# How to bond with feral domestic pigeon?



## Charc15 (Jan 17, 2017)

Hey guys! I have a question about a pigeon which I posted about yesterday. I really want him to get more used to me and to people in general. Does anyone know how to do that? So far he will eat a few bites of food out of my hand, and seems to get excited when I come near or when he can see me, but settles down if I sit by his cage. But my biggest problem is, if I touch him or put my hand into his cage, he bites me! He let me "pet" him with one finger yesterday, he let me stroke him about ten to twenty times, and then bit me. I really want him to bond with me. If it helps, he has bitten me several times, but never broke skin nor drew blood. Just warning bites. The other day my mom tried too pick him up and he bit her and beat her with his wings, like a bird punch and "growled"... ? Anyone have ideas? Thanks in advance! 

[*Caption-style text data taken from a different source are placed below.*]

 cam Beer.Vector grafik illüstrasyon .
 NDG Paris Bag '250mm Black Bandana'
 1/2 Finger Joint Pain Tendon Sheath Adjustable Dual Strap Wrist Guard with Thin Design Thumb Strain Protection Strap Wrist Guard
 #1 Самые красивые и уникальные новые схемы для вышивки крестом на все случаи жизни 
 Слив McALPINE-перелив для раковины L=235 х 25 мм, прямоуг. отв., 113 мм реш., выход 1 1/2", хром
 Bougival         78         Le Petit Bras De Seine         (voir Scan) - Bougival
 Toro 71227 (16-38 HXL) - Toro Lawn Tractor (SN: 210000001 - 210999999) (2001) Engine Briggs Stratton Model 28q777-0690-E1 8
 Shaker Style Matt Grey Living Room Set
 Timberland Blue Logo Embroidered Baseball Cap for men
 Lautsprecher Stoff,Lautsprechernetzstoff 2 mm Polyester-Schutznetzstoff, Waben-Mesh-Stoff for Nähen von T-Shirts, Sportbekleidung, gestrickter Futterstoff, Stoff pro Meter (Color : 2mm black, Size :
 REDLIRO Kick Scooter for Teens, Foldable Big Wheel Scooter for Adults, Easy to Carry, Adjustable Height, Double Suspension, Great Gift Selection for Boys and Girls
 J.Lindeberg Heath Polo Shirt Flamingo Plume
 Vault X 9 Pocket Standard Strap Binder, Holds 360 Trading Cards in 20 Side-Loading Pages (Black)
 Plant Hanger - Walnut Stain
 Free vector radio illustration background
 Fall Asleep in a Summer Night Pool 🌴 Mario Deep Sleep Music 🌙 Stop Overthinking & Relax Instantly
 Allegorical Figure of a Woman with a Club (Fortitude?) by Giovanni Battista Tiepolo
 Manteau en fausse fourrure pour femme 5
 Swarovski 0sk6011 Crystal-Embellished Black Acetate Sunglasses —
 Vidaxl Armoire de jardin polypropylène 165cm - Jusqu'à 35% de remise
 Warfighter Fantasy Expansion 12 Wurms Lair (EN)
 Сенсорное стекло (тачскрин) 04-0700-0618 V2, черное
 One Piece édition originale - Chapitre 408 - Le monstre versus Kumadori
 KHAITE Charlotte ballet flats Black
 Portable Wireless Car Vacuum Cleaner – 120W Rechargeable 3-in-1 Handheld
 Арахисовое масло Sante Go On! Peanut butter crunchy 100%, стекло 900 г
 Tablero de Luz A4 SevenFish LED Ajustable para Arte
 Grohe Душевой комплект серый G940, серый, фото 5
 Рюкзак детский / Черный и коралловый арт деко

Other than hating us, he seems to have settled down quite a bit, He's eating a lot and drinking. Very active little fella.


----------



## FredaH (Apr 5, 2016)

I have five pigeons I hand reared from eggs and all bite me when I intrude into their territory and put my hands in their cage. Outside the cage they are all over me, cooing and very friendly but they're not keen on me when I encroach on their personal space in the cage. You may find that when out your pigeon is completely different. I don't know if yours is a house or loft pigeon - mine are house pigeons with a secure safe room to fly in - but if you can let him out in a place where you are with him you may find he will become more friendly. 
My youngest feral (6months) is a terror in his cage with biting and hanging on to my skin, my tumbler male (5 months) is a biter and wing slapper in his cage and my hens are biters too if they have eggs (dummy eggs too) to protect. None were so defensive until they matured and now even without eggs they will beat me up, lol. It stings sometimes but doesn't draw blood, they make me laugh actually because of the transformation in them when they're outside and all loving again. It's just natural for them to guard their nest enclosure, like I say even if they don't have eggs. 
Try having him out with you and offer him some treats, throw a few to him and eventually try to get him feeding from your hand. Chopped raw peanuts and defrosted frozen peas are particular favourites with mine.


----------



## jowjowjow404 (Apr 13, 2017)

hello charc15, how would you know if a pigeon is a feral or a homer?


----------



## cwebster (Dec 11, 2010)

Our first pigeon was an injured nonreleasable feral. It took time and patience but putting toys on the cage and playing with her and favorite foods made her our beloved best friend after a few months.


----------